Pour finir, il est important de mentionner également le manque de maturité de nos entreprises en termes de vision managériale et de leadership, puisque nous l'avons constaté factuellement sur le terrain, que l'entreprise algérienne, bien évidemment il y a des exceptions, n'accorde pas d'importance au facteur humain comme potentiel de croissance, ce que j'appelle l'économie de la connaissance, puisque la connaissance démarre avant tout de l'humain qui lui-même par la suite la transpose sur les choses tangibles, que ce soit une machine à produire ou une interface de logiciel, et je peux vous dire que le potentiel existe dans certains de nos jeunes.

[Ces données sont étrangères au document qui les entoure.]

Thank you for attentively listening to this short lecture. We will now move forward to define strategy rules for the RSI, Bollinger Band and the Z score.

-Qu'en sera-t-il avec la crise actuelle sur le plan économique '
L'impact de la crise actuelle va forcément accentuer le chômage comme je l'ai déjà expliqué par rapport à la diminution de la commande publique, et la stagnation de certains secteurs d'activité, comme l'automobile, toutefois, je reste optimiste sur le fait que malgré la pression fiscale qui va sans doute s'accentuer sur les entreprises, il n'y aura pas d'autres choix que de miser sur la factrice humaine.

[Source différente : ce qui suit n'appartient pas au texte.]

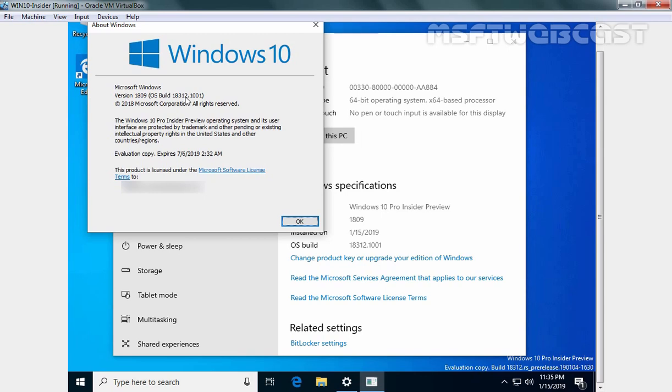As you know, the installation process of Windows 10 is quite similar to earlier versions. There is nothing new or fancy. That concludes this video demonstration on how to install Windows 10 Insider Preview build version 18312.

Cela va être encore dur à court terme, mais des solutions existent. C'est mon opinion, la crise actuelle est une opportunité pour s'approprier les vrais sujets, les sujets importants et utiles, le chômage en général pour moi n'est pas le sujet, les vrais sujets sont : comment capitaliser sur les structures existantes d'aide à l'emploi et la création d'entreprises '
Comment ces structures, ministères, universités, Ansej, ANEM, doivent s'organiser pour travailler sur des projets transverses existants ou pilotes à mettre en place pour pouvoir valider d'une manière précise l'efficacité de ces structures et projets, pour après les généraliser ' Comment faire en sorte que les entreprises une fois pour toute investissent et ne dépensent les taxes de 2% des formations dans le développement de leurs compétitives grâce au facteur humain '
-Si l'épidémie du coronavirus perdure, quels seraient les effets sur le monde de l'emploi, notamment en Algérie '
Je ne suis pas un expert dans le domaine de la gestion de crise, toutefois je pense que les effets négatifs de l'épidémie du coronavirus sur l'économie et l'emploi d'une manière générale sont accentués par un surcroît de communication et de médiatisation, et que l'approche de nos autorités est adéquate dans le sens où il y a une réelle volonté de mettre en place des mesures drastiques pour faire face à l'épidémie.
D'un autre côté, la réflexion et l'attention ne doivent jamais être abandonnées ou même temporairement dirigées ailleurs en ce qui concerne le développement de notre économie, je dirai que le nouveau modèle économique qui d'après mon humble avis doit être basé sur l'économie de la connaissance, au sens d'investir sérieusement et méthodiquement dans la capital humain, l'exploitation non seulement rationnelle mais surtout responsable des ressources naturelles de notre pays dans une logique et à travers des actions visant le développement durable et du bien-vivre de nos citoyens actuels et futurs.